Minnesota GOP apologizes for Soros puppetmaster video
The Republican chairman said the people responsible for the video were not aware that the imagery had antisemitic connotations
(JTA) — The Minnesota Republican Party apologized for screening a video that depicted liberal Jewish billionaire George Soros as a puppet master controlling two Jewish Democrats, saying that those responsible were not aware that the imagery had antisemitic connotations.
“We understand that the use of imagery depicting Mr. Soros as a puppet-master at our state convention raised concerns that the imagery perpetuated an antisemitic trope,” state GOP chairman David Hann said Thursday in a statement, noting that the Jewish Community Relations Council of Minnesota and the Dakotas had contacted them after the video screened.

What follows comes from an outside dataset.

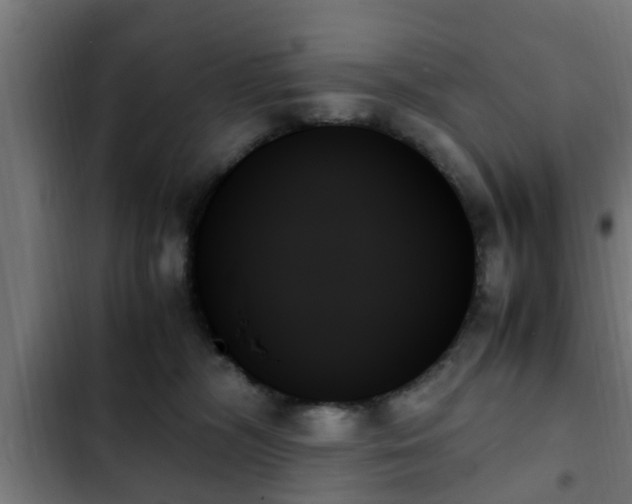 X0000103130326200808291321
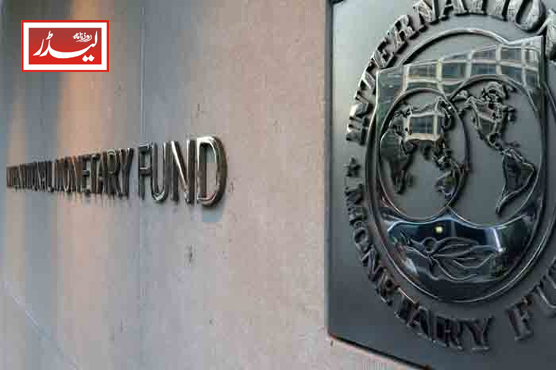 IMF_1731386672.JPG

“We wish to assure the JCRC and our friends in the broader Jewish community that the image was not intended to invoke hostility toward the Jewish people,” Hann said. “It should not have happened, we apologize, and are committed to working with the JCRC to educate our staff and candidates on antisemitism.”
In a promotional video for her campaign, Kim Crockett, a Republican candidate for Minnesota’s secretary of state, depicted the Jewish Democratic incumbent and another Jewish elections lawyer as being controlled by Soros. It screened last weekend at the state party convention.

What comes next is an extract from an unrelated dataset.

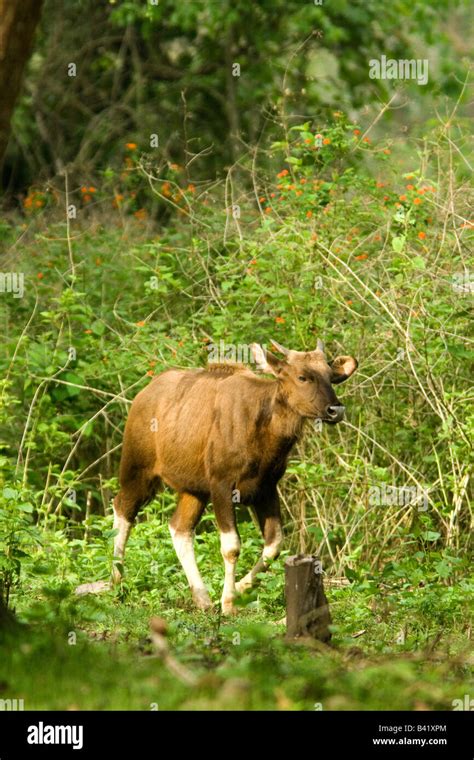 Indian gaur calf Stock Photo - Alamy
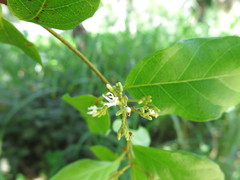 Ichnocarpus frutescens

Hann said Crockett and her team were not aware of the antisemitic trope. The Anti-Defamation League has called the frequent use of puppet-master imagery by conservatives to depict Soros antisemitic.
“I have concluded after talking with Ms. Crockett that the depiction of Mr. Soros was not intended as antisemitic, and that neither Ms. Crockett nor her creative team were aware that the depiction of a puppet-master invokes an old but persistent antisemitic trope,” Hann said.

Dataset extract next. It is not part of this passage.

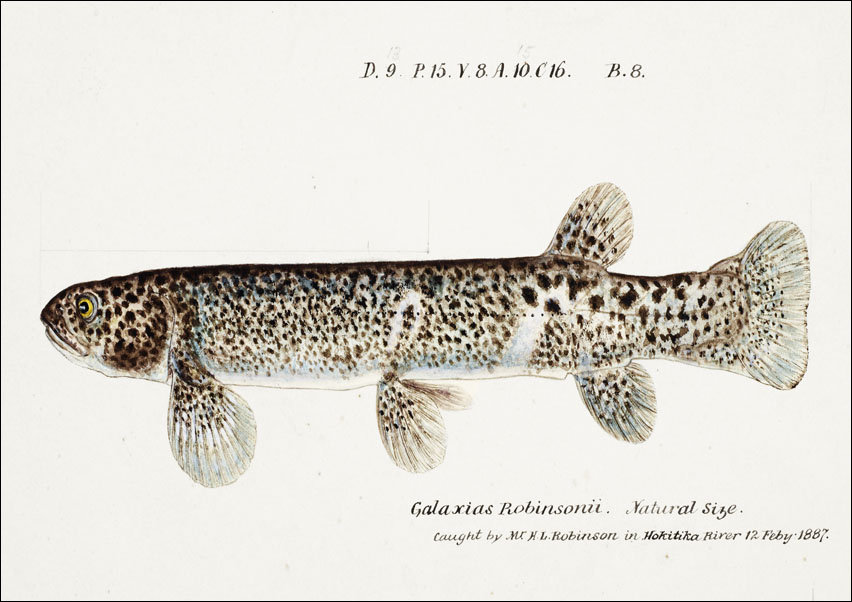 Antique Climbing Galaxias, F. E. Clarke - plakat 70x50 cm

JCRC director Steve Hunegs condemned the screening in an op-ed in the local newspaper, the Star-Tribune, and in a statement. He thanked Hann and his counterpart in the Democratic Party for accepting his offer to train their parties and campaigns on antisemitism.
“We have come to appreciate … that antisemitism does not always manifest itself as a hatred and is sometimes more an issue of blind spot,” Hunegs said.
The man charged with killing 10 people at a supermarket in Buffalo last weekend reportedly cited Soros in a “manifesto” posted online outlining his views, saying the billionaire is “majorly responsible for the destruction of our White culture.”
The initial GOP reaction to complaints about the video, made to Axios, was to condemn Democrats and their “unapologetic embrace of radicals,” while trumpeting the Republican Party’s support for Israel.
Steve Simon, the incumbent Jewish secretary of state targeted in the video, told a local Jewish news outlet, TC Jewfolk, that the video was “bizarre” and “disturbing.”
“This is the kind of thing you see from extremist social media trolls, not from serious people running for a serious office,” Simon said.